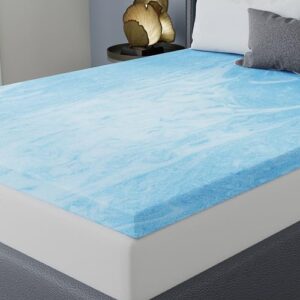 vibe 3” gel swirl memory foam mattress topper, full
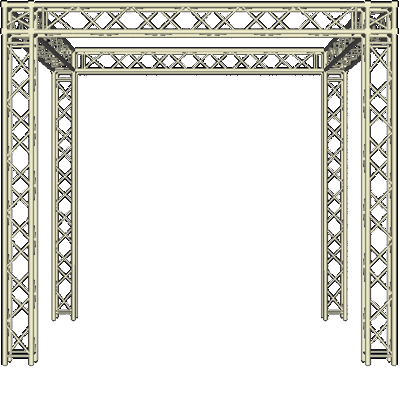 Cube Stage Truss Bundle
################
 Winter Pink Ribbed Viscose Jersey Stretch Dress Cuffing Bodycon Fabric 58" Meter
################
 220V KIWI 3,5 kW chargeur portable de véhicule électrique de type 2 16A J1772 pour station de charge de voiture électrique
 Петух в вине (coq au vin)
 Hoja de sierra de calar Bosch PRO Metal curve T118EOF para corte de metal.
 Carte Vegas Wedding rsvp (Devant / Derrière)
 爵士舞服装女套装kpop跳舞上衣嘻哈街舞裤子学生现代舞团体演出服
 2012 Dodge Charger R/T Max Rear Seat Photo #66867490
################
Requirement:
Above are the records. Copy the lines beginning at the one that has "220V KIWI 3,5" and ending with the one that has "2012 Dodge Charger", unchanged.

Task answer:
 220V KIWI 3,5 kW chargeur portable de véhicule électrique de type 2 16A J1772 pour station de charge de voiture électrique
 Петух в вине (coq au vin)
 Hoja de sierra de calar Bosch PRO Metal curve T118EOF para corte de metal.
 Carte Vegas Wedding rsvp (Devant / Derrière)
 爵士舞服装女套装kpop跳舞上衣嘻哈街舞裤子学生现代舞团体演出服
 2012 Dodge Charger R/T Max Rear Seat Photo #66867490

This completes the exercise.